So what does Dan Abrams do on a recent show? He "exposes" American Idol for letting some contestants onto the show who formerly had recording contracts! OH MY GOD!

The thing is, first of all, Abrams admits he doesn't watch the show and isn't a fan. He can't pronounce the names of the contestants and is totally clueless as to why so many millions of people enjoy the program so thoroughly. So why the hell is he expressing an opinion? He obviously has done no research and is just trying to create controversy where none really exists. In fact, other organizations jumped on this non-story weeks ago with no real consequence. So why is Abrams so far behind everybody else? Could it be that he has absolutely no journalistic skills whatsoever and shouldn't even be on TV? YES!

So he gets two former Idol contestants - who see no problem with letting on contestants who might have at one time recorded professionally - and some dolt who is obviously there to agree to everything Abrams says. Of course Abrams won't let the former contestants finish anything they try to say because he has to inject his outraged ignorance at every opportunity.

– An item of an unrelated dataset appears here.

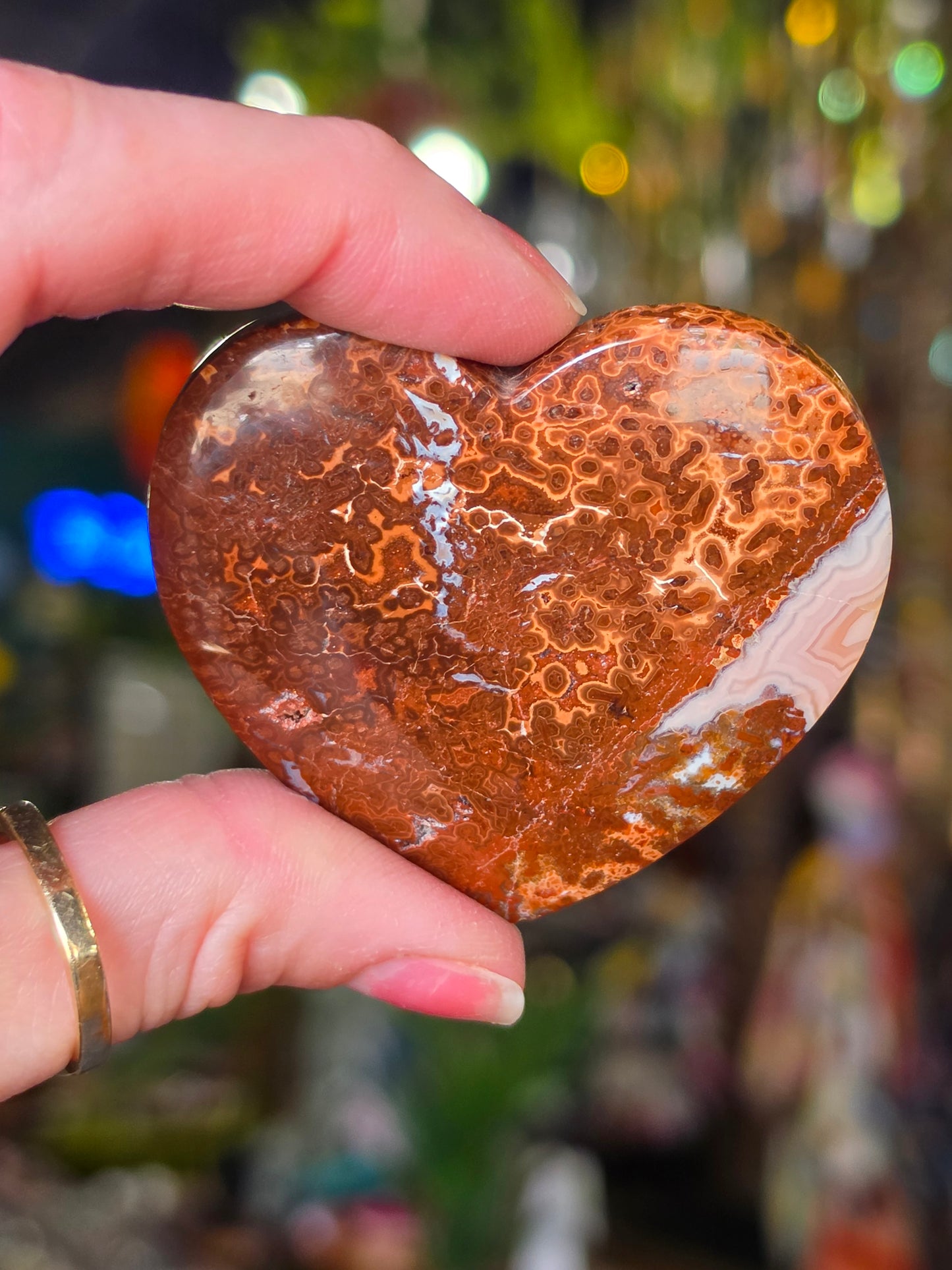 Red Orbicular Ocean Jasper Heart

Where he really shows his stupidity, though, is when he suggests that if Mariah Carey was currently "between contracts" even she could compete on the program - and how unfair this would be to the other contestants! The thing is, Carey is well known and famous. The producers and judges - who have absolute control over who makes it into the competition - would not permit her to compete. None of the other contestants are famous. None are well knows by the American public. None have sold millions of records, played to sold-out concerts and appeared on dozens of television shows. They aren't rich. They are talented people who are looking for a break. If Abrams can't see the difference, then he's just a moron. And the fact that he is trying so hard to stir up a non-existent controversy, just proves it. But I guess that's what MSNBC is all about, isn't it?

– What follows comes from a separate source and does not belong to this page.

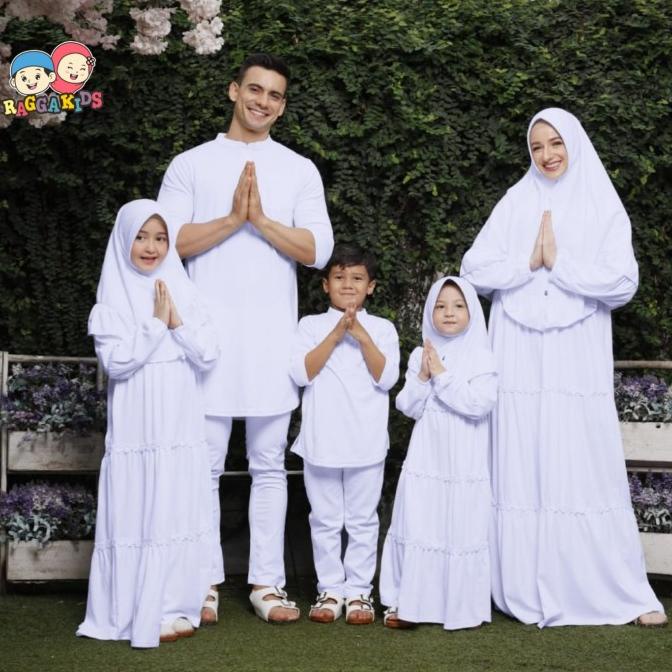 BAJU SARIMBIT MUSLIM PUTIH RAGGAKIDS | BAJU COUPLE KELUARGA PILIH SIZE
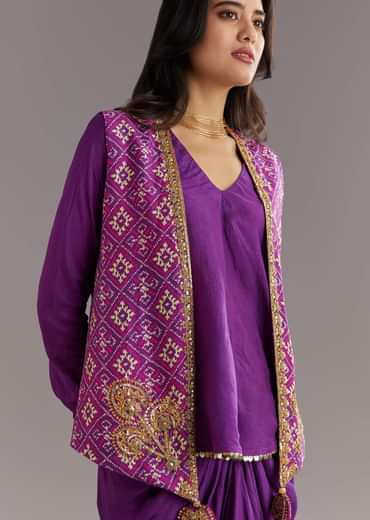 Purple Russian Silk Jacket Set With Zardosi Border and Fancy Pleated Skirt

Maybe Abrams is just jealous that on a bad night, American Idol has something like 120 times the audience of any MSNBC show. Heck, MSNBC can't even generate the same audience as most large-market evening news broadcasts! Abrams' attempt at slamming the show is obviously a desperate attempt at "creating" news where there is none, and it only makes him look idiotic. No one who knows the show - and enjoys it - is going to give Dan Abrams any credence whatsoever, so what's the point? Go stalk Britney or Lindsay, Dan, and keep yourself down on their level where you belong.

Sunday, March 16, 2008

Tarantino is Dead to Me

I've had really mixed about Quintin Tarantino for a long time. I know there are a lot of critics out there who think he is the Orson Wells of his generation and can do no wrong, but I certainly see tremendous inconsistency in his work. And no small touch of complete insanity!

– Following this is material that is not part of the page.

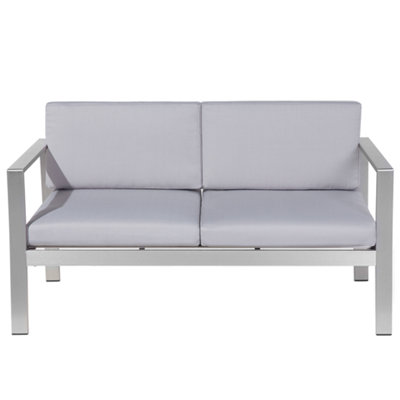 Garden Bench with Cushion SALERNO 142 cm Metal Light Grey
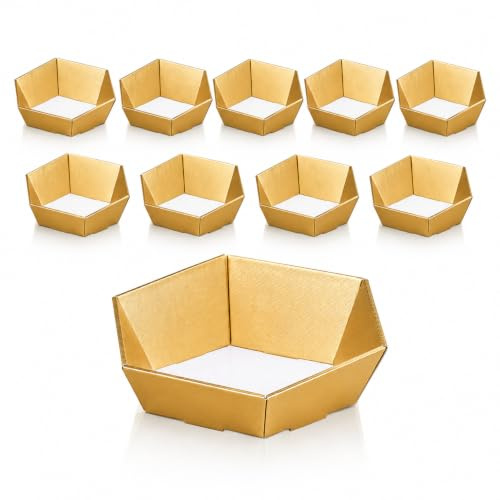 10x Präsentkorb 6-eck Gold 29x27 cm Geschenkkorb Set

There's no doubt he's a very odd human being. Whenever I see him on a talk show or being interviewed, it's very obvious there's a totally off-kilter person inside that hyper, bubbly exterior. This comes through in his work as an actor too. If you didn't know who he was, you'd think they had done a very strange job of casting for that particular role. "What's with the weird looking tall dude who acts so geeky?"

Well, when he and Robert Rodriquez teamed up for their Grindhouse double feature last year I had high hopes. Rodriguez is more of an auteur - if anyone still uses that term - than most anyone else working in films today. He writes, direct, shoots - heck he even scores his own films and has a style that is distinct and interesting. Tarantino aspires to be this type of all-around filmmaker, but I don't think he has the requisite talent. He's just weird.

Back to Grindhouse.

When it came out, I just couldn't force myself to shell out the money to go see it. Part of me wanted to take the risk, but I was seriously afraid that I wouldn't be able to endure almost four hours of an attempt at bad filmmaking by people who have access to all of the top technology available in the world today. I know the movie did horrible at the boxoffice, so I felt somewhat relieved that I didn't make a monetary contribution. Then I saw that the videos - now separated into two films - were available "exclusively" at Blockbuster. But you know what, I still had that funny feeling that I was going to shell out three or four bucks and be horribly disappointed. Also, which one should I get and/or watch first? Rose McGowan with a machine-gun leg is pretty intriguing, but would that be enough? I decided not to make a decision and didn't rent either one.

Now Tarantino's film, Death Proof, is playing on one of the cable premium channels. No more excuses. I decided to watch.

What a sorry excuse for a film! There is nothing campy, interesting or redeeming about the entire work. I wonder what was going through the minds of the cast - a pretty decent one at that - when then were shooting these boring, overly talky scenes. I can only assume they deferred to Tarantino's "genius" and figured he knew what he was doing. Of course when he injected himself repeatedly into the bar scenes and over-acted his way to embarrassment - I have to wonder if they weren't starting to wise up by then.

I really want my 90 minutes back. I feel cheated, even though I technically I didn't pay anything to watch it. The two action scenes in the movie are exciting and well done. But the price one has to pay in order to get to them far exceeds their value. Women sitting around drinking, talking tough, chain smoking and cursing is 90% of Death Proof. It's Tarantino hiring a bunch of very nice looking woman and then masturbating in his mind over having sex with them. And we, poor unfortunately sucked-in viewers, have to endure his imaginary camera sex. Or not. I did because I kept wondering where this horrible excuse for art was going to go. Obviously America's movie-goers did not, hence the anemic receipts. Now I see why. Glad I didn't contribute anything to the bottom line.

It's going to be a long, long time before I let Tarantino sucker me in to watching anything he does in the future. Actually, after Grindhouse, I hope he doesn't get the opportunity.